Learning from AWS failure

Learning from AWS failure

/ / /
Published: October 23, 2013

Of all days it had to happen on Friday the 13th. Last month, AWS customers experienced a partial network outage that partially severed an availability zone’s connectivity to the rest of the internet. A month before that, there was another gray failure with a very black-and-white impact on a dozen well-known internet services.

The point is not to lament failures of public clouds. Everyone, on-premise, in the clouds or anywhere in-between, experiences failures. Failures are a fact of life. AWS’s just get more publicity. Instead let’s focus on the more interesting question: What can we learn from these failures?

AWS failure incident #1: EBS

At Datadog HQ we saw the announcement pop up that Sunday at 4pm EDT in one of the AWS-centric screenboards. If you’ve turned on the AWS integration on and you have instances in us-east-1, you have seen it too.

The initial AWS failure seen from Datadog

Our key metrics were not affected (thanks to our past experience) so we could stay in proactive mode and formulate some hypotheses on what the impact would be, should the outage spread further. For that we relied heavily on our own metric explorer (yes, Datadog eats its own dog food).

Later that day, we received in the event stream more details about the outage (emphasis mine).
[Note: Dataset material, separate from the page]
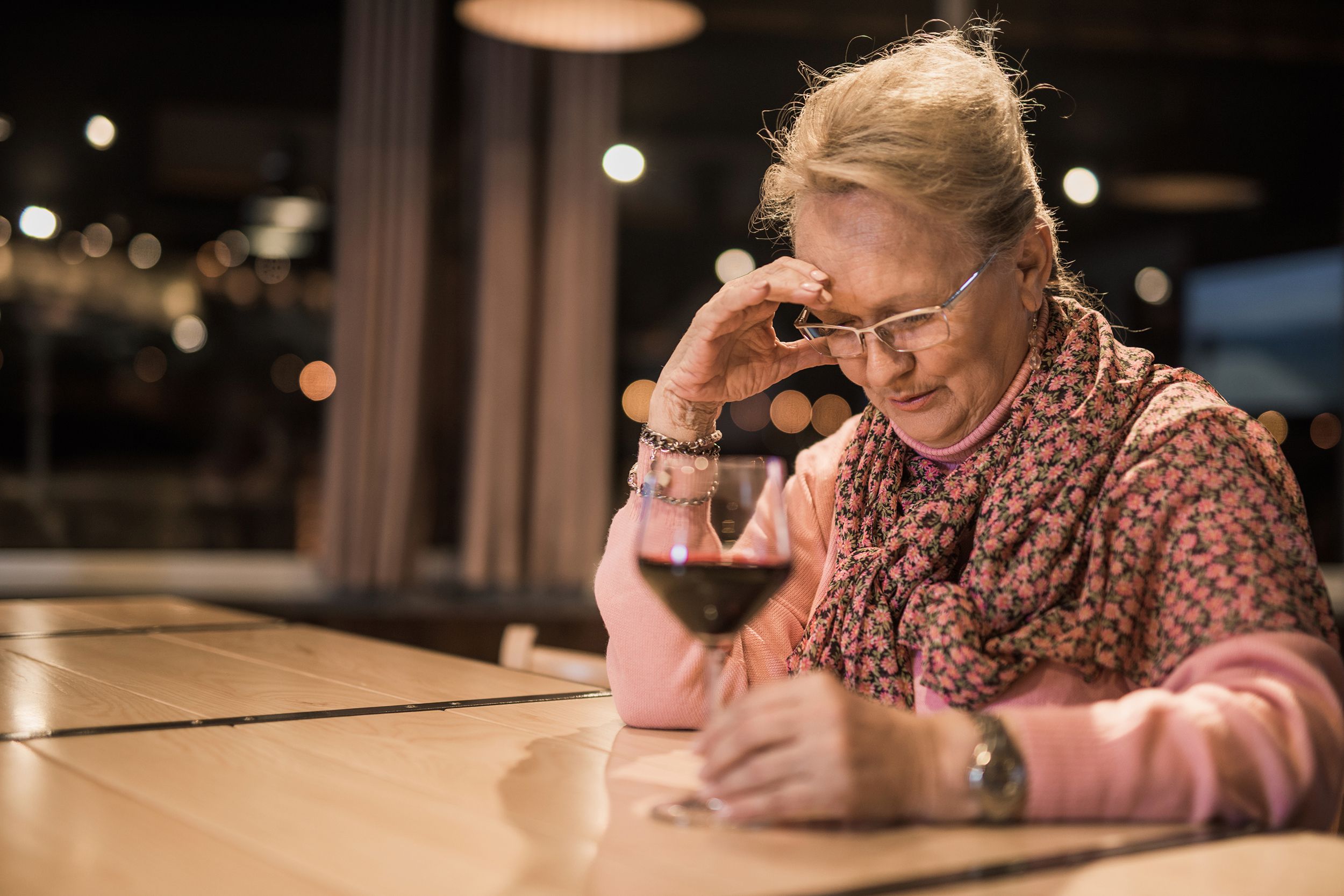 senior woman at restaurant alone with a glass of wine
AWS failure update seen from Datadog
[...] a small number of EBS volumes in that AZ to experience degraded performance, and a small number of EC2 instances to become unreachable due to packet loss in a single AZ in the US-EAST-1 Region. The root cause was a 'grey' partial failure with a networking device that caused a portion of the AZ to experience packet loss. [...] The networking device was removed from service and we are performing a forensic investigation to understand how it failed [...]

AWS failure incident #2: network outage in an EC2 zone

Here is the visualization of the impact of the network outage per zone, in terms of latency and throughput.

AWS Network outage visualized

The first indicator of an issue is here latency as shown as (1) on the top graph. Throughput in that zone degrades but only to a point. As latency increases, throughput continues to drop until all traffic has been drained from the zone and other zones pick up the slack (3). At that point latency recovers as no traffic is flowing to the affected zone. Eventually the problem is fixed (4) and everything comes back to normal.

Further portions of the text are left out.